Luis Enrique Pérez

El Congreso de la República proseguirá la etapa final de aprobación del proyecto de reforma de la Constitución Política, propuesto originalmente por el Ministerio Público, la Comisión Internacional Contra la Impunidad en Guatemala, y la Procuraduría de Derechos Humanos; pero el producto final será impredecible; y es improbable que, en consulta popular, los ciudadanos ratifiquen la reforma.

La aprobación comenzó, paradójicamente, con una no aprobación de una parte de la reforma a la que conferían extraordinaria importancia los ilusionados autores de tal reforma. Aludo a la no aprobación de la parte que declaraba que el antejuicio era una garantía que no impedía que “dignatarios y funcionarios públicos” fueran sujeto de investigación penal, o “suspendidos del cargo” si fueran vinculados con un proceso penal. Los diputados son, por mandato constitucional, dignatarios. Quizá algunos diputados creyeron que la reforma constitucional los despojaba del privilegio de antejuicio que poseen.

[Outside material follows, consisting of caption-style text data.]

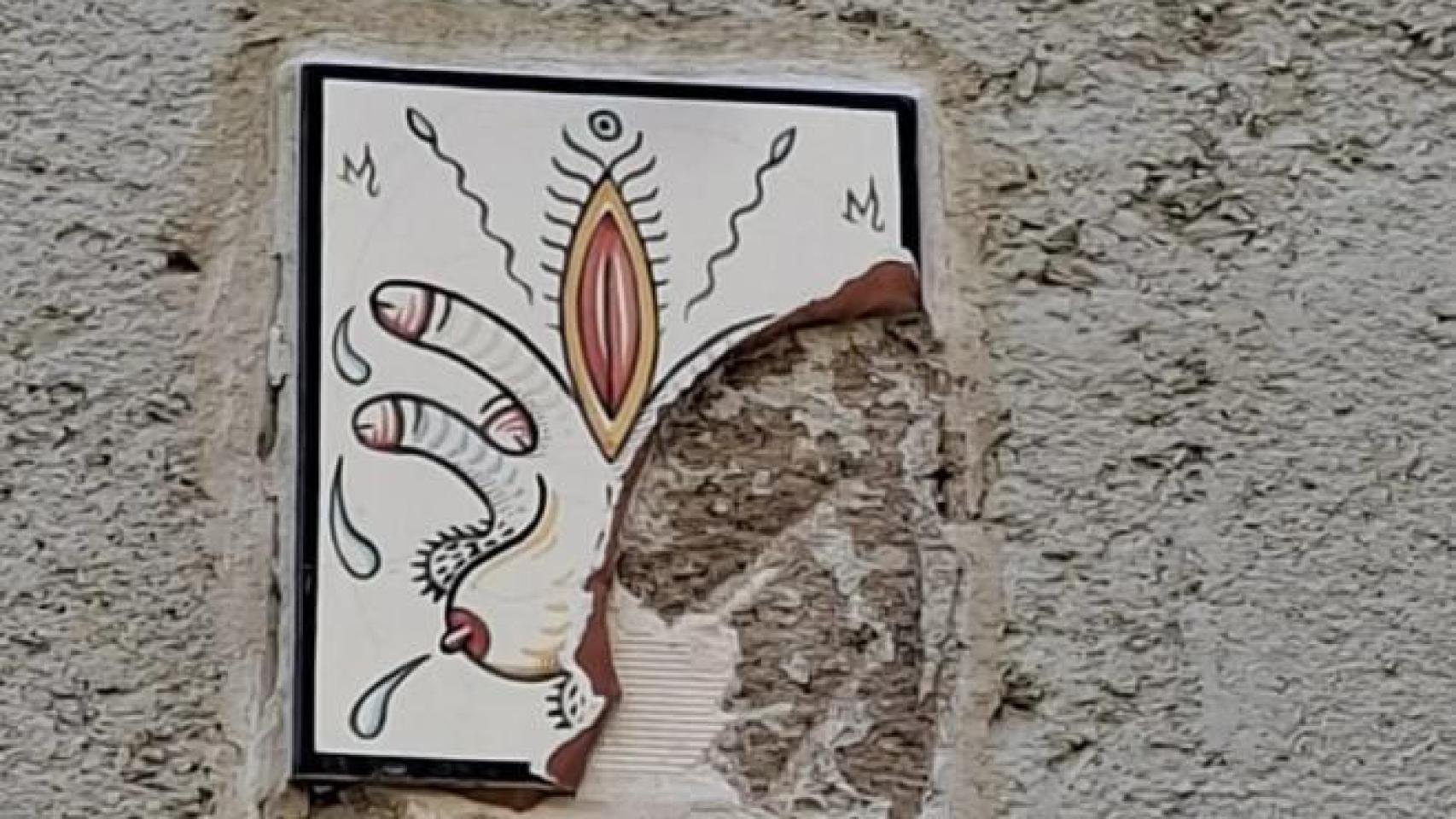 Uno de los azulejos eróticos vandalizados durante esta Semana Santa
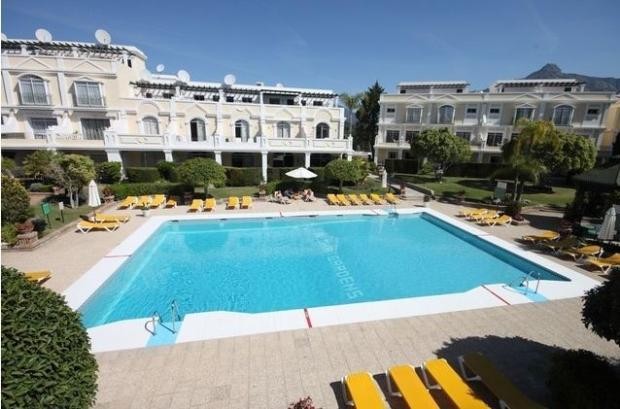 2 bedroom town house for sale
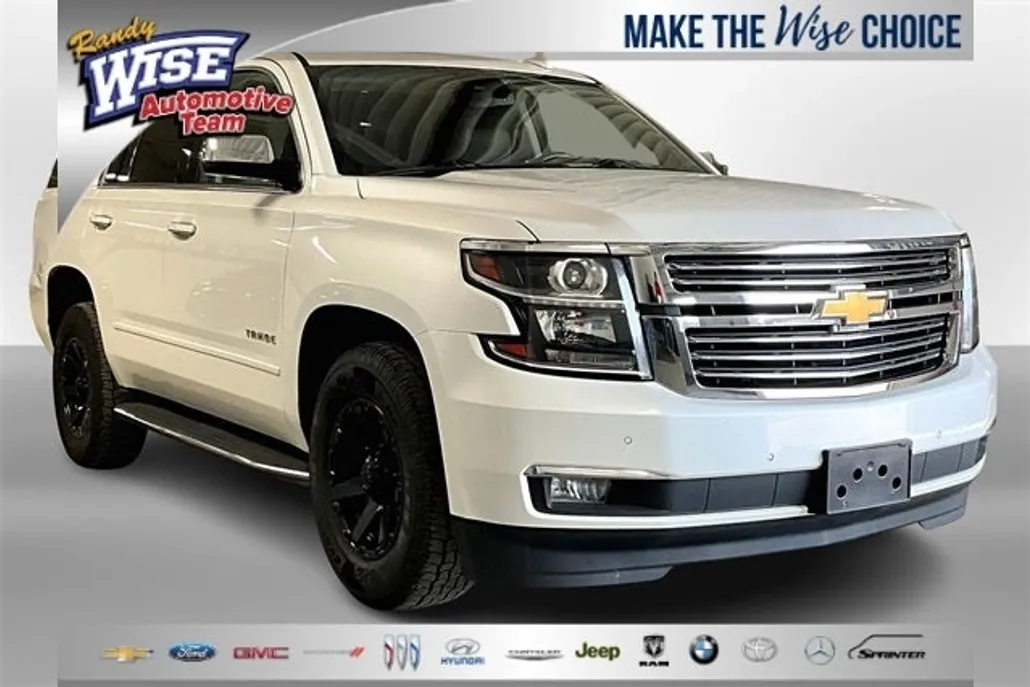 2017 Chevrolet Tahoe Premier photo 1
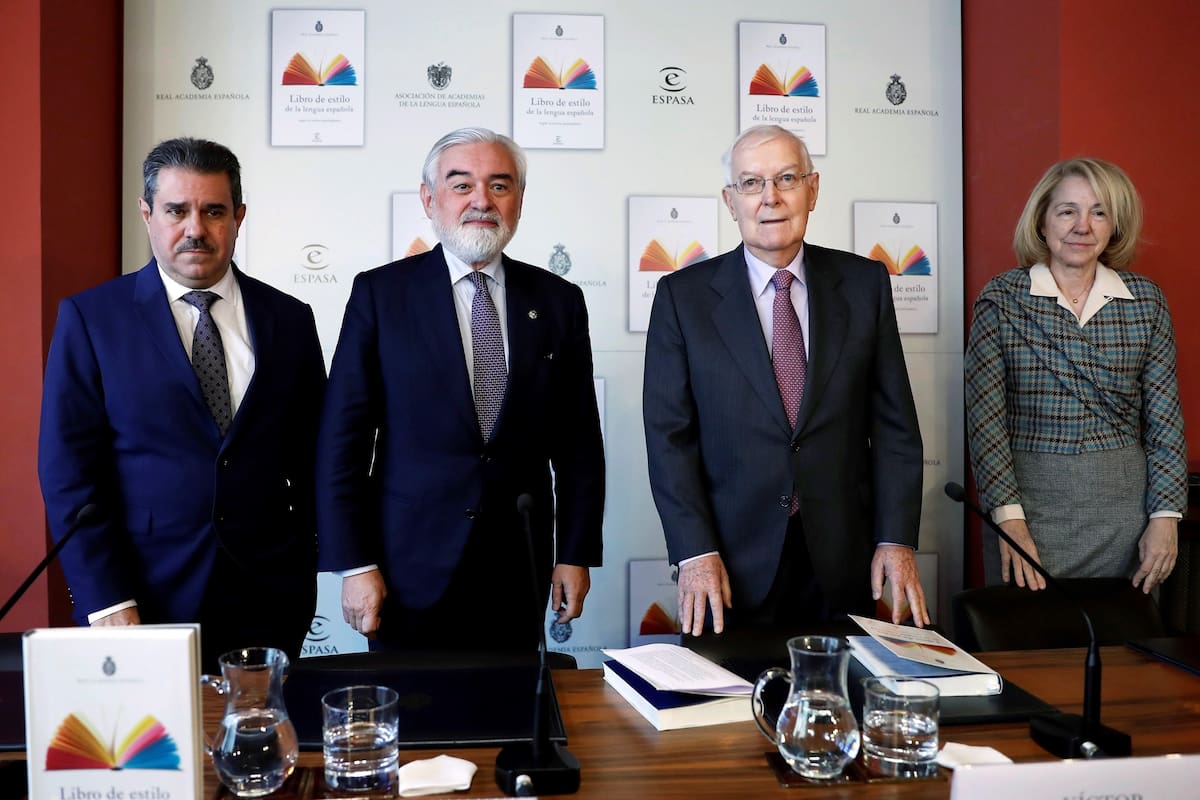 Francisco Javier Pérez, Darío Villanueva (Director de la Real Academia Española), Victor García de la Concha (Director del Instituto Cervantes ) y Ana Rosa Semproen.
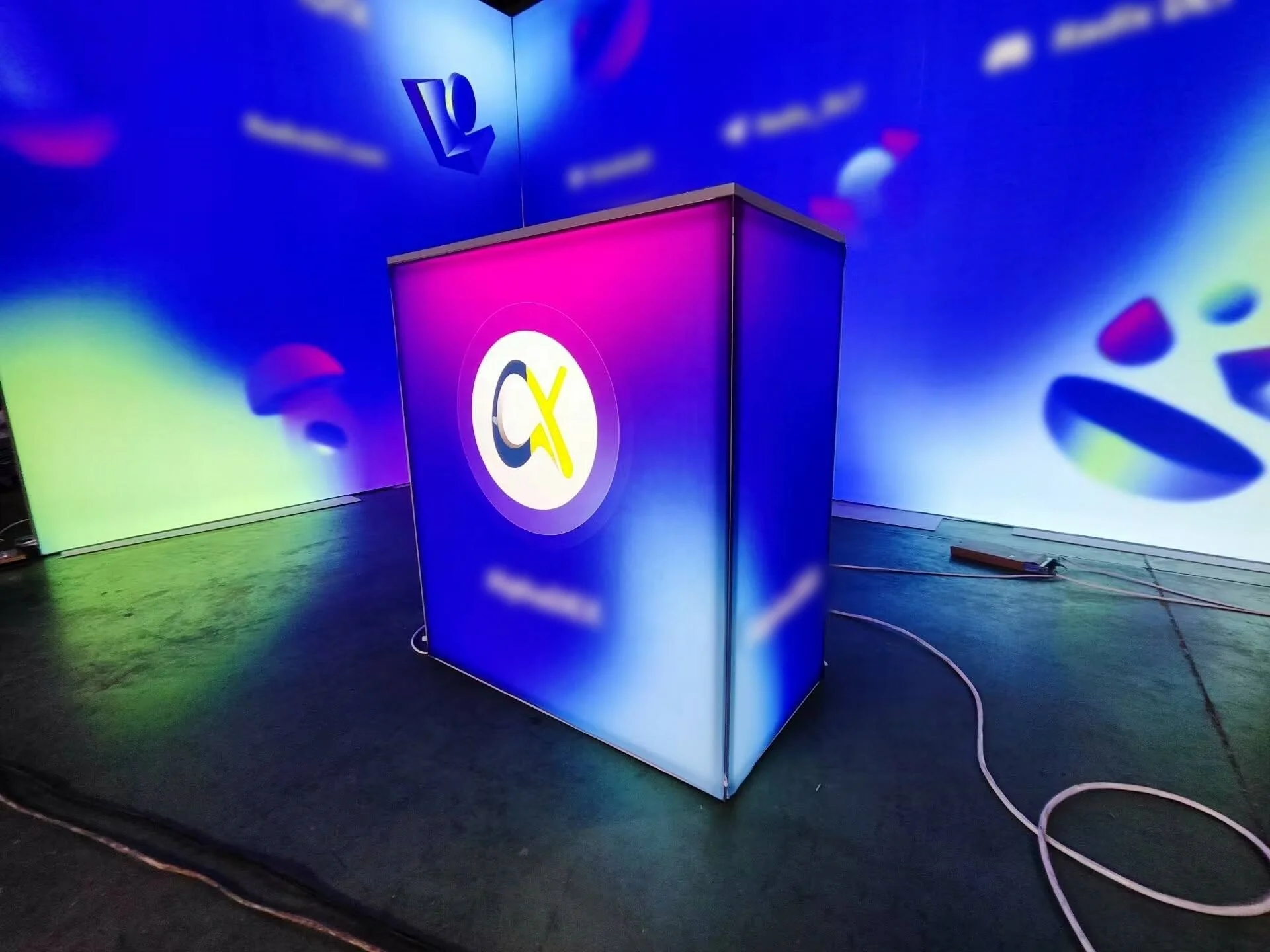 Creative Worker-Friendly Aluminium Hybrid  Exhibition Booth Design for 2024 Las Vegas show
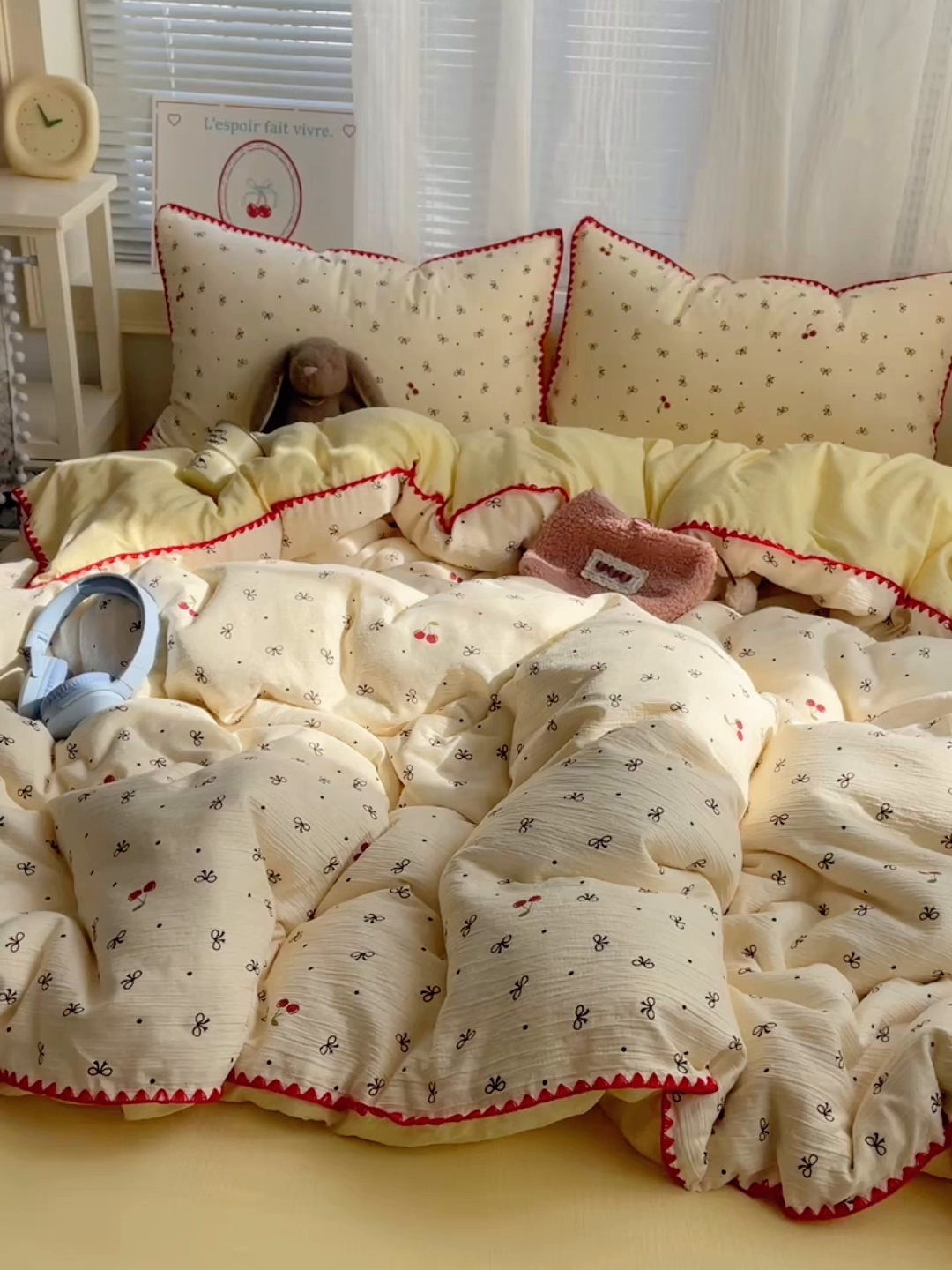 91家纺网 家纺一手货源 找家纺 顾里家纺 2026春夏新款ins韩风印花贝壳针双层纱四件套 樱桃蝴蝶结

Aunque esta reforma fuera una de las mejores, era improbable que la mayoría absoluta de diputados la aprobara, es decir, que ellos mismos pretendieran atentar contra sus actuales o potenciales intereses delictivos, o pretendieran ser víctimas inocentes de una infamante acción penal pública, y herederos de un injusto desprestigio irreversible. Uno puede conjeturar que si los diputados hubieran sido excluidos de esta parte del proyecto de reforma, tal parte hubiera sido aprobada.

La aprobación prosiguió con una inconclusa discusión sobre una cuestión que parece ser intrínsecamente controvertible: la Corte Suprema de Justicia ejerce, con “exclusividad absoluta”, la función jurisdiccional, o función de declarar qué es o qué no es conforme al derecho; pero la reforma propuesta la despojaría de tal ejercicio exclusivo y absoluto, y le adjudicaría funciones jurisdiccionales a las autoridades de las etnias indígenas. Conjeturo que, cuando continúe el proceso de aprobación del proyecto de reforma, habrá mil propuestas de modificación sobre tal adjudicación; y finalmente el reconocimiento constitucional de la denominada “justicia indígena” podría ser un ridículo simulacro.

Es improbable que la mayoría de los ciudadanos, en consulta popular, ratifiquen la reforma constitucional que los diputados finalmente aprueben, no porque la reforma aprobada no sea la que haya sido propuesta originalmente. No la ratificaría porque no confía en los diputados. Y no confía en ellos quizá porque cree que carecen de autoridad moral; que son ejemplo de corrupción; que delinquir es su más genuina vocación; que ansían el antejuicio para protegerse de sus actos delictivos; que reclaman desprecio; que exigen irrespeto; y que no son padres de la patria, sino hijos de una prostituida democracia y una estúpida república.

Por supuesto, el ciudadano debería decidir racionalmente ratificar o no ratificar la reforma constitucional, aunque no confíe en los diputados. Empero, conjeturo que la mayoría de ciudadanos no estudiará el texto original de la constitución, y en un acto de suma pureza racional lo comparará con el texto de la reforma que aprobaron los diputados, y entonces decidirá ratificar o no ratificar esa reforma. También conjeturo que, en el caso de que el ciudadano opine que una parte reformada es beneficiosa y que otra es maleficiosa, no meditará profundamente sobre el mayor o el menor valor de una parte con respecto a la otra, y luego decidirá ratificar o no ratificar la reforma. Y porque la mayoría de ciudadanos no estaría dispuesta a ejercitarse en tal pureza racional ni a consumirse en tal meditación, tendería a predominar la no confianza en los diputados: y la reforma no sería ratificada.

Post scriptum. La reforma constitucional propuesta en el año 1993, fue ratificada en consulta popular por una simple razón: los diputados, peligrosamente amenazados por una impetuosa rebelión popular, aprobaron, ellos mismos, renunciar. La reforma constitucional propuesta en el año 1999, no fue ratificada por una simple razón: era un proyecto de impunes terroristas. La reforma que propondrían los actuales diputados no sería ratificada por una simple razón: sería obra de una renovada maldición legislativa.